Neuma White Paper: Change Package-based versus Task-based Change Management of Software

Over the past few years, the Software Configuration Management (SCM) industry has recognized that designers work most naturally by updating software a change at a time rather than a file at a time. For example, to fix a problem may require modifying three files, or to fix three related problems may require changing two files. Traditional file-based change control handled this by recording the same problem report reason against each file as it was submitted to the software library. Now that a change packaging model has been accepted, the design of the model must ensure that a new set of pitfalls does not arise from this model. To this end, the authors propose a clear distinction between explicit change package-based change control and task-based (or implicit change package-based) change control.

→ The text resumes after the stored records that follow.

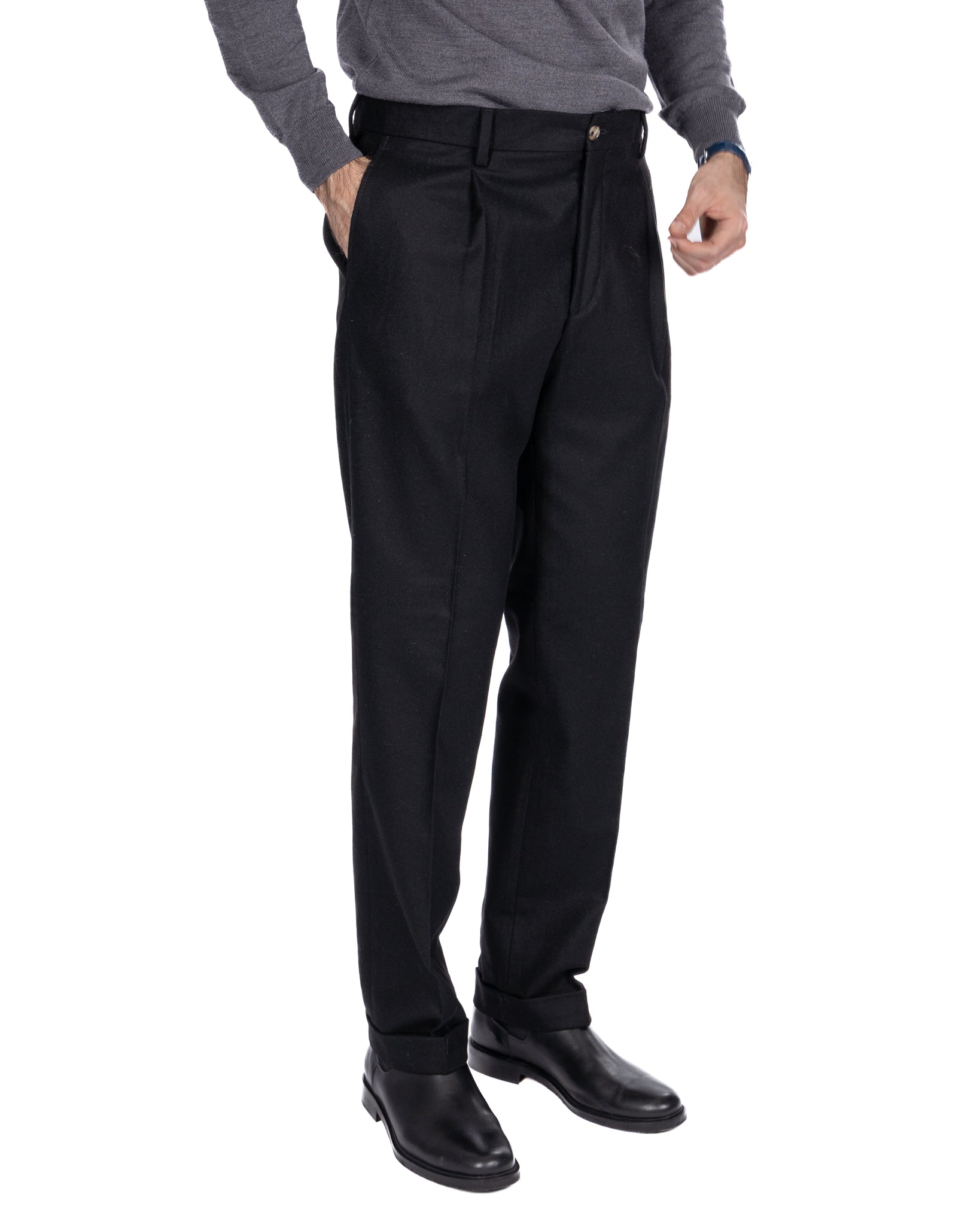 Pantalone Nikon in flanella nero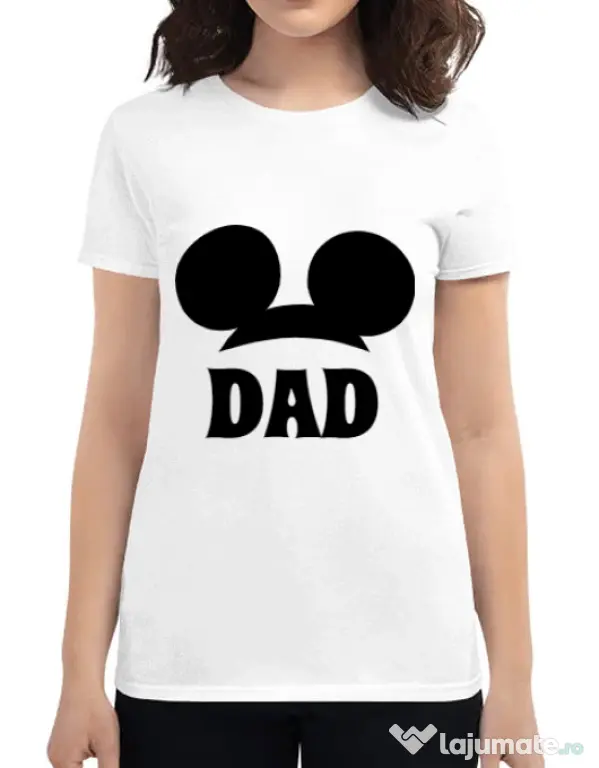 Tricou ADLER dama Mouse dad Alb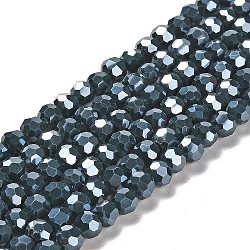 Opaque Glass Beads Strands, Faceted, Round, Dark Slate Gray, 6mm, Hole: 1mm, about 98~100pcs/strand, 20.39~20.59 inch(51.8~52.3cm)(EGLA-A035-P6mm-A23)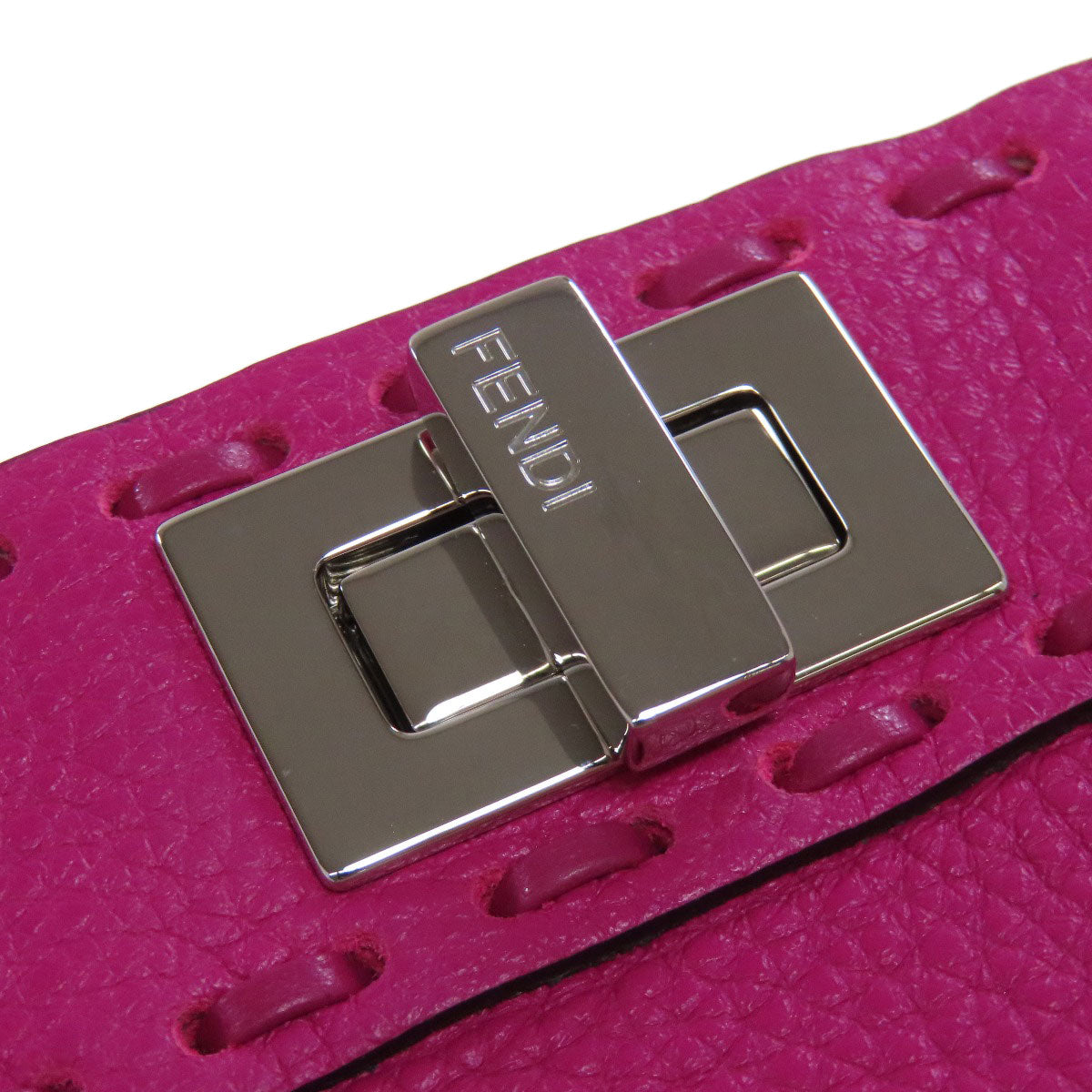 FENDI フェンディ ミニピーカブー 2WAY ハンドバッグ カーフ レディース 中古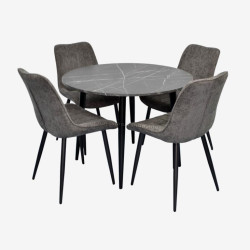 Set masa + 4 scaune Evelin DT-402-6B + YTC-055B UF885-15 (Black Marble/Dark Grey)
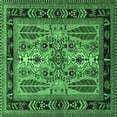 thumbnail image 1 of Ahgly Company Indoor Square Oriental Emerald Green Industrial Area Rugs, 8' Square, 1 of 4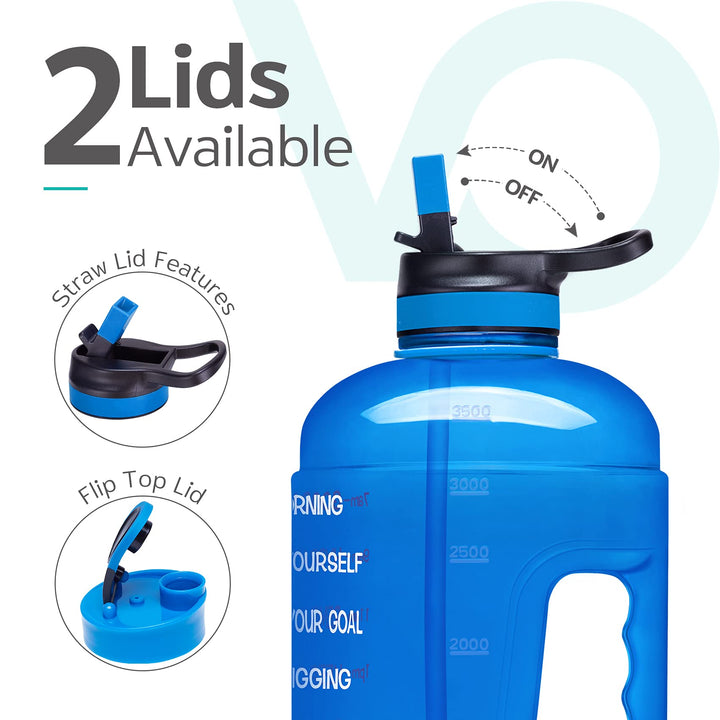 Half Gallon Water Bottle with 2 Lids, Large 64 oz Water Jug with Motivational Time Marker to Ensure You Drink Enough Water-Deep Blue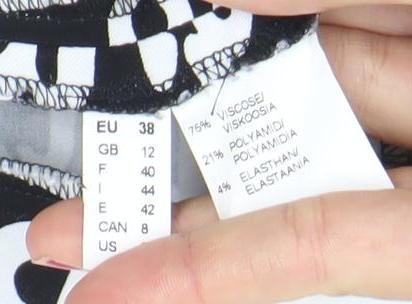 That's Me Womens Black White Geometric Leggings Size 10 Slim Fit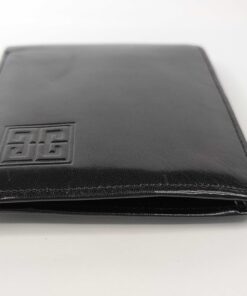 Bottom edge view of the folded Givenchy Monsieur black leather bifold wallet
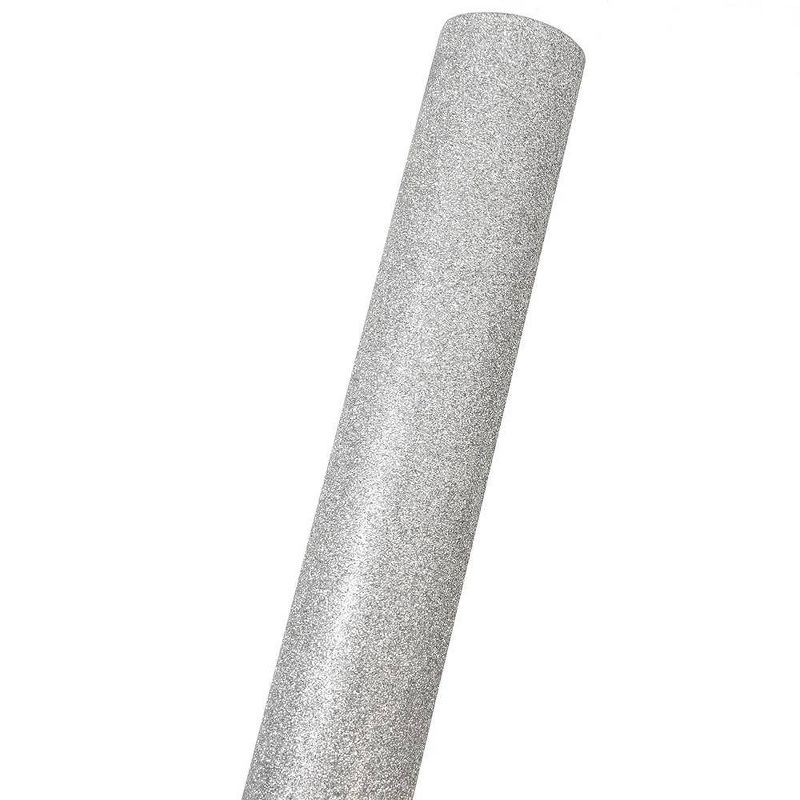 JAM PAPER Silver Glitter Gift Wrapping Paper Roll - 1 pack of 25 Sq. Ft., 3 of 6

Change Packages versus File-based Change Control

The pitfalls with the traditional file-based approach to change control are well understood by the industry today. These include:

the need to double key the reason or reasons for the change against each file,

the need to ensure that all of the files get submitted to the library,

the need to check in files individually,

the need to ensure that all files for the change are promoted through the release life-cycle, and

confusion between dependencies expressed to group files together into a change and those used to identified prerequisite changes.

As well, the paradigm of working on a file at a time, though convenient for a compiler, is not convenient for a designer or system integrator. For example, the designer wishes to submit a change, to view a delta report for a change, run a change through the code review process, promote a change to ready status, merge a change from one stream into another and express dependencies between changes. The system integration team wants to select changes for a build, promote changes, yank changes, and so forth. Whereas a system integrator may have to look through a list of 30 or 40 file revisions and try to determine which ones to promote and which belong together in a file-based environment, in a change-based environment, an organized list of perhaps a dozen changes are easily scanned and the appropriate ones may be promoted.

Once the concept of change packages has been accepted, the next step is to identify a successful model for the changes. This paper discusses the two basic models:

The paper does not try to differentiate between the various checkout/checkin models. Hence, it should be possible to configure any of the models to support one or more of the "locking checkout/checkin", "recorded non-locking checkout/reconcile on checkin" or "unrecorded non-locking checkout/reconcile on checkin" models, with or without notification triggers or logic.

Change Packages versus Task-based Change Control

Change packages define changes by collecting files and other appropriate data together in a first class change object. Task-based change control works by associating a task id with each file that is checked out. The task id relates directly to a problem or feature definition (and may itself be the problem or feature identifier). On the surface it may appear that there is not a major philosophy difference between the two models. However, with respect to implementing a change process, there is a significant difference. A review of each method is in order to help illustrate the differences.

Change Control With Change Packages

A change package is a collection of information pertinent to a change (in our example, a software change) to a (software) baseline. A change package is a first class object. It has an identifier which can be used to uniquely identify both a set of files which have been modified, and the reasons for their modification. Typically, the change package contains other information pertinent to the change. Because the change is used to "update" a software baseline, it will typically contain additional information which is process dependent. This may include information such as:

the software development stream, and perhaps a milestone within the stream, to which it is targeted (e.g., new development or older support stream),

integration instructions, including instructions for resolving an incompatibility if the change is not upward compatible (e.g., run a database conversion program),

special process-related metrics,

environment data (e.g., where are the files kept while the change is being made),

compatibility and pre-requisite change dependencies, and/or

the designer, reviewer(s) and testers for the change

The goal behind the change package philosophy is that the change can proceed through the various stages of promotion without involving participants from the previous stage. The most common involvement from the traditional file-based model was in identifying which files belong together for a change. In most shops, however, this is only a part of the change puzzle.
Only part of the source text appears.